Камил закурил очередную сигарету и нервно забарабанил пальцами по столу. Сейчас начнется бесконечная лекция об экономической нецелесообразности данного мероприятия, подумала Здена и приготовилась к атаке.

— Ну, если ты считаешь, что ей это поможет, то поезжай, — помолчав, неожиданно сказал Камил. — В конце концов, вы будете дома, расходы невелики… Когда ты предполагаешь выехать?

Она недоверчиво взглянула на него. Что это могло значить? Так сразу и без возражений все одобрить.

— Как можно скорее. Я думала, ты мог бы взять отпуск на два дня и побыть с нами в Ходове со среды до воскресенья.

Камил отрицательно покачал головой.

— Это невозможно.
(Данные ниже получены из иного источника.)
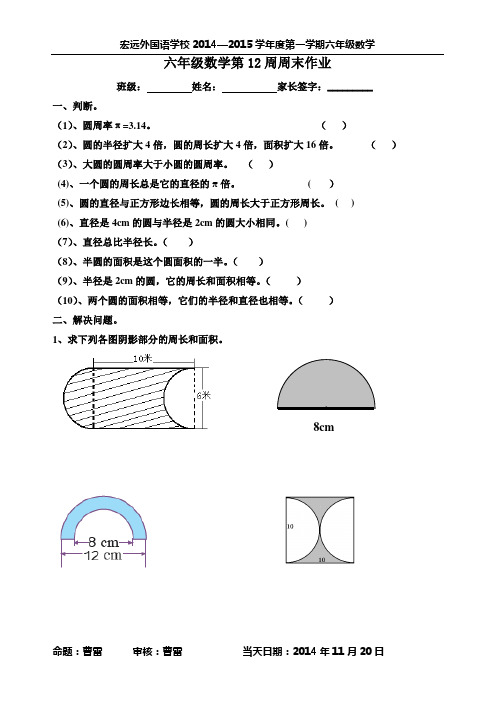 第12周周末作业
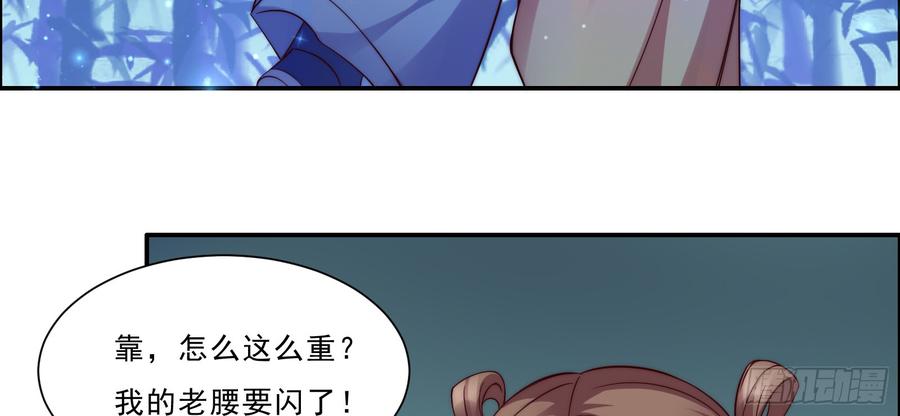 腹黑邪王宠入骨5话 别拦着我发财！
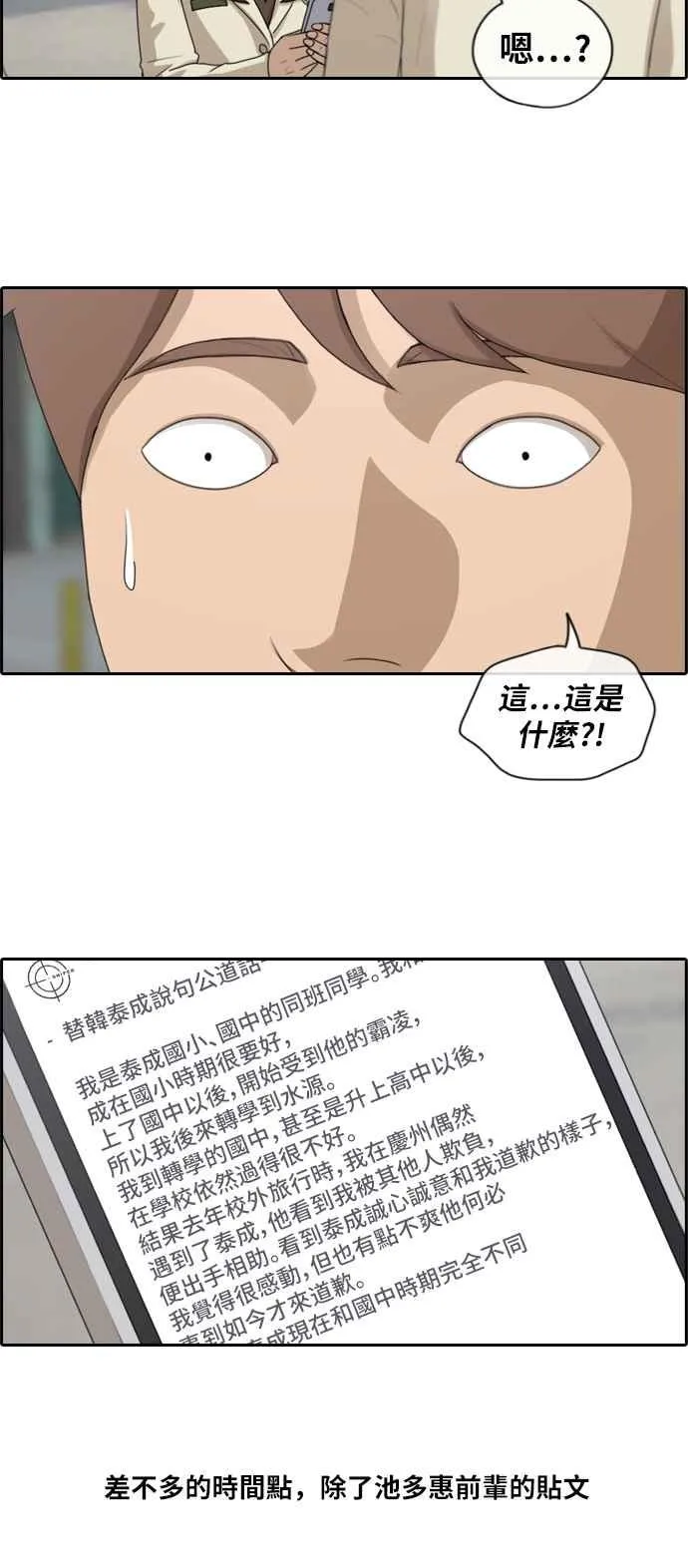[第177话] 攻击玄雅英 第6页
Если хочешь, я возьму два часа отгула, попрошу у отца машину и после обеда поедем. Больше ничего сделать не могу…

Тут до нее дошло. Ведь ему нужно, чтобы я уехала! Я ему мешаю! Предложение Петра. Поэтому он так легко обходит молчанием две тысячи моей зарплаты. Надеется заработать больше. Намного больше.